Best Case Scenario. Sweet Sixteen. Sure, that’s a long stretch, but we’re talking best case scenario. At the very least, Stephen F. Austin is a threat to pull off an upset in the Round of 64. With the Lumberjacks set to get a solid seed, it’s not out of the question for them to make the second weekend. They’re that good.
- Big Sky Conference Champion (19-11, 14-6)
- RPI/Pomeroy/Sagarin = #166/#169/#170
- Adjusted Scoring Margin = -0.8
- Likely NCAA Seed: #15
Three Bruce Pearls of Wisdom.
- Weber State must be happy to be done playing Big Sky teams. After playing 20 of its 30 regular-season games against league foes en route to the league title, the Wildcats survived two more games in the postseason tournament. Weber State snuck past Northern Colorado 66-63 in overtime in the semifinals before annihilating North Dakota 88-67 in the final. Weber State won a parity-filled league with a 14-6 league mark despite losing four of its last seven games. But the homecourt advantage in the postseason tournament proved to be enough to earn the Wildcats’ first NCAA Tournament bid since 2007.
- The Wildcats are a bit of an enigma on offense. Despite scoring just 105.6 points per 100 possessions (150th), Weber State ranks among the nation’s best in several offensive categories. The Wildcats connect on 39.4 percent of their 3-point attempts (14th), boast a strong effective field goal percentage (54.8 percent, 14th), get to the free-throw line (50 free-throw attempts per 100 field-goal attempts, 23rd) and only get 5.9 percent of their shots blocked (3rd).
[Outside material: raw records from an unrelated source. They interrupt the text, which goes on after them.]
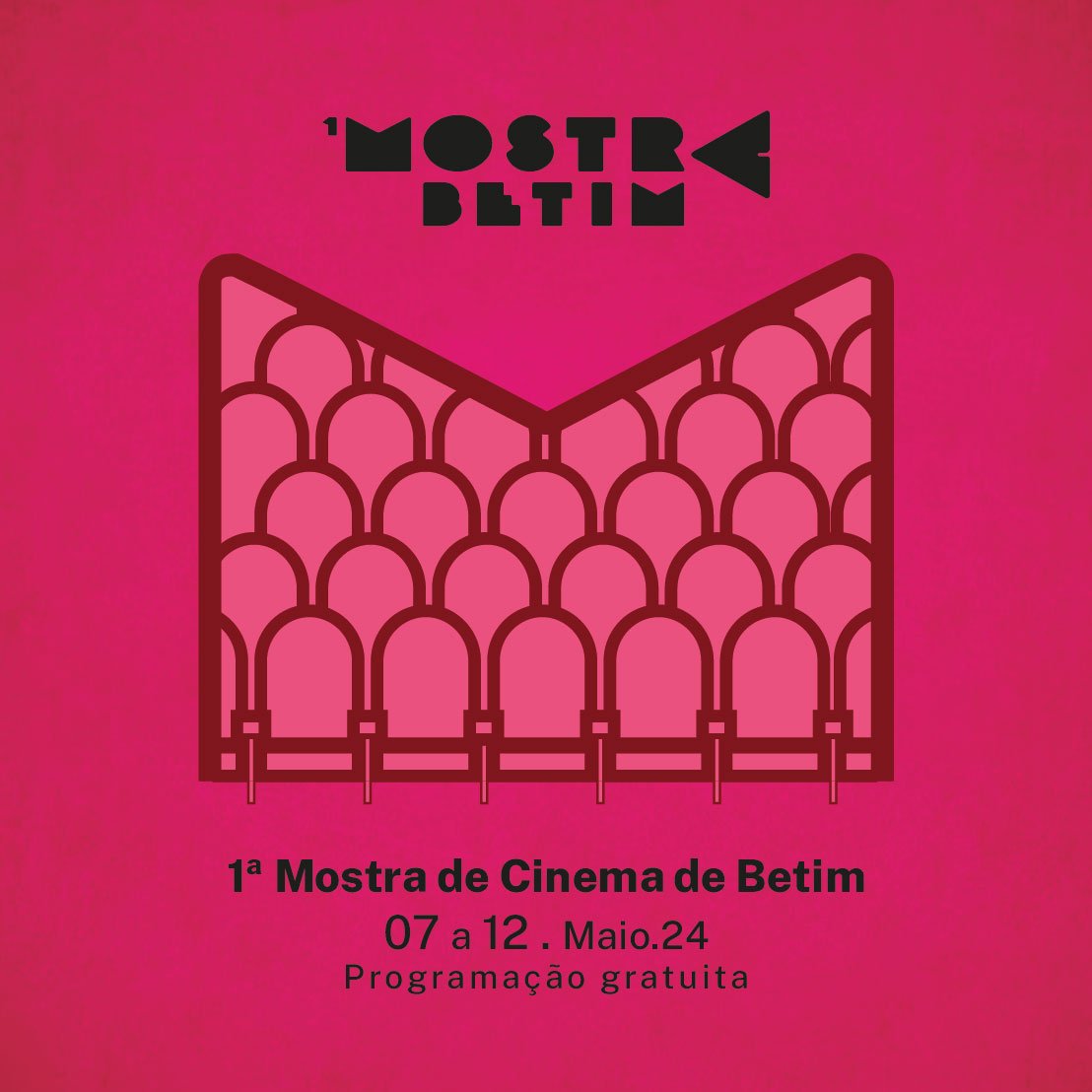 Mostra de Cinema de Betim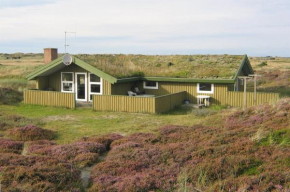 Holiday home Sydslugen C- 4711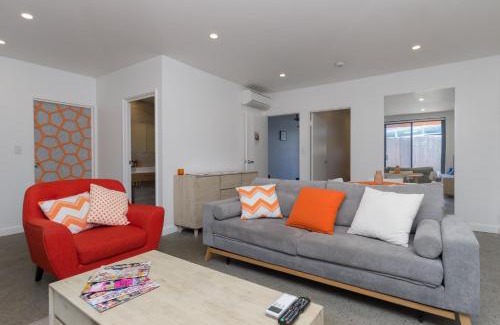 Marmion Apartamento | Sunset Place Apartments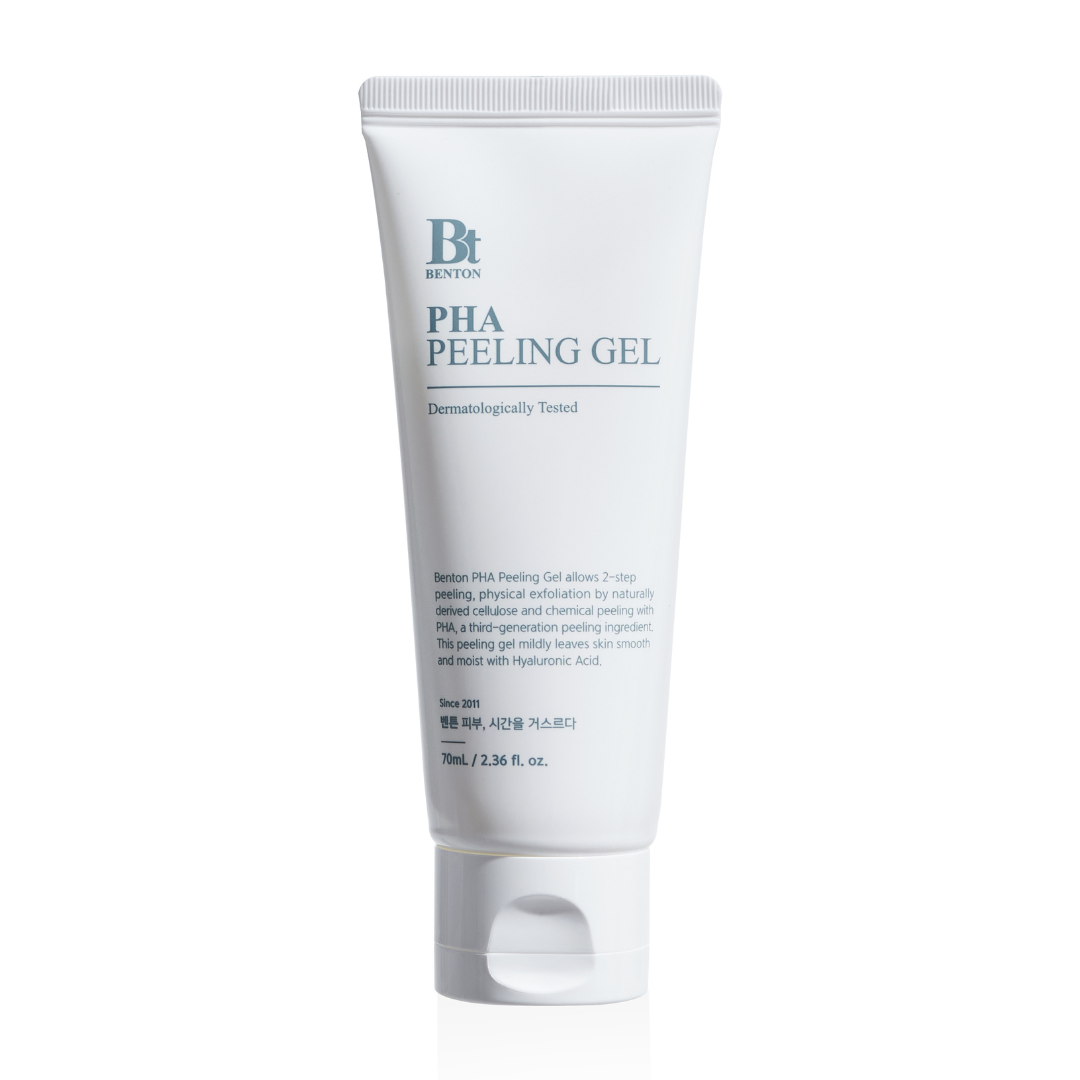 Benton PHA Peeling Gel 70 ml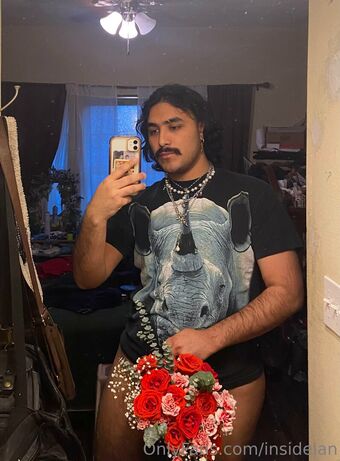 insideian Nagie Wycieki OnlyFans Zdjęcie 13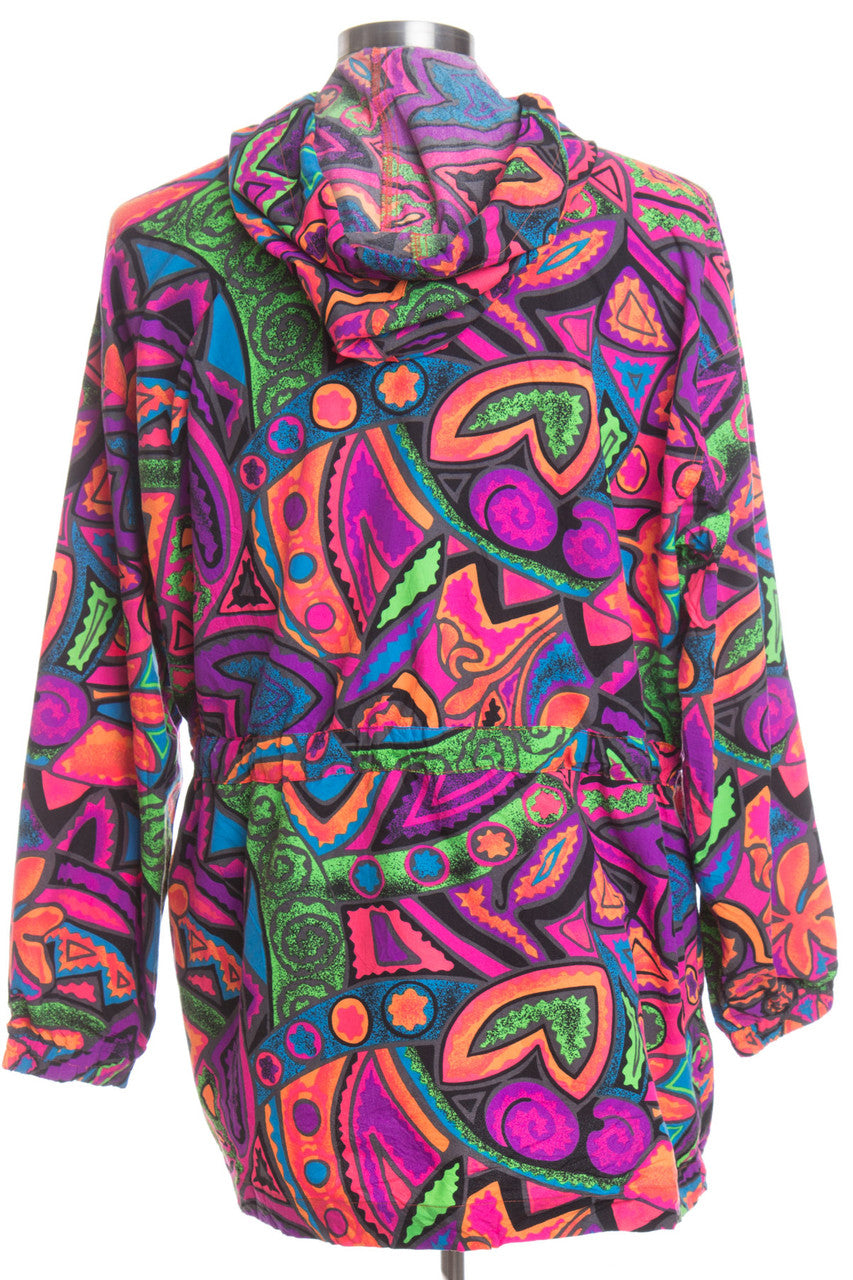 90s Jacket 9303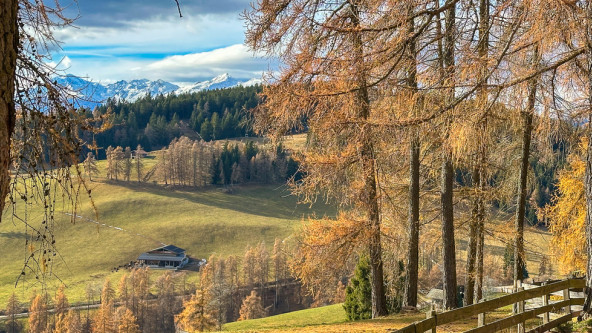Vöran Beimsteinkogel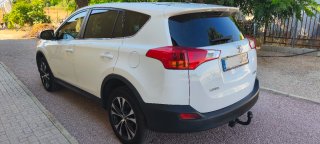 Toyota RAV4 2015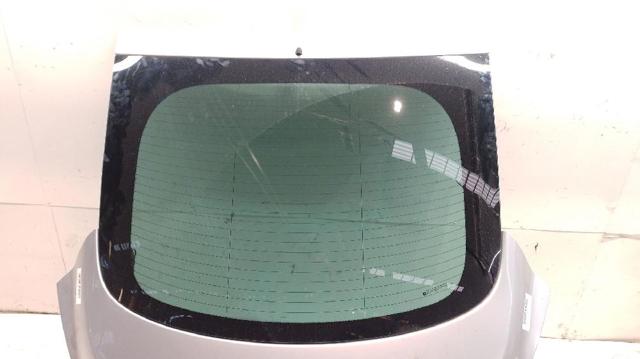 Porta traseira (3ª/5ª porta-malas (tampa de alcapão) Opel Insignia G09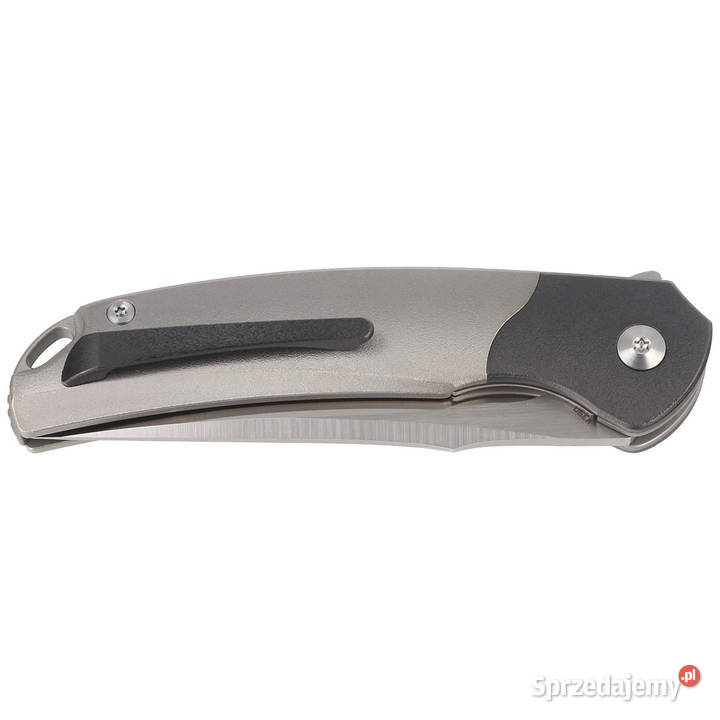Nóż składany Bestech Supernova Grey Warszawa sprzedam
Wow. But Weber State ranked just third in offensive efficiency during Big Sky play at 112.4 points per 100 possessions. Northern Colorado (117.9) and Montana (113.4) ranked higher. The Wildcats, however, only allowed 103.3 points per 100 possessions in conference play to lead the league by 2.4 points.
- Davion Berry is the go-to guy for Weber State. The 6-foot-4 senior tosses in 19.1 points while pulling down 4.4 rebounds per game.
- He connects on 38 percent of his 3s and boasts a 77.1 free-throw rate. Jeremy Senglin adds 11.1 ppg but hits 40.4 percent of his attempts from beyond the arc. Kyle Tresnak is the only other Wildcat in double figures at 11.2 ppg. Joel Bolomboy adds 8.6 ppg but grabs 10.8 rebounds per contest. He ranks in the top-10 nationally in both offensive and defensive rebounding percentage.
Best Case Scenario. With their live by the three, die by the three approach, the Wildcats can make things interesting for a half in the Round of 64. But the Wildcats just aren’t good enough this season to pull off an upset. Harold “The Show” Arceneaux isn’t walking through that door.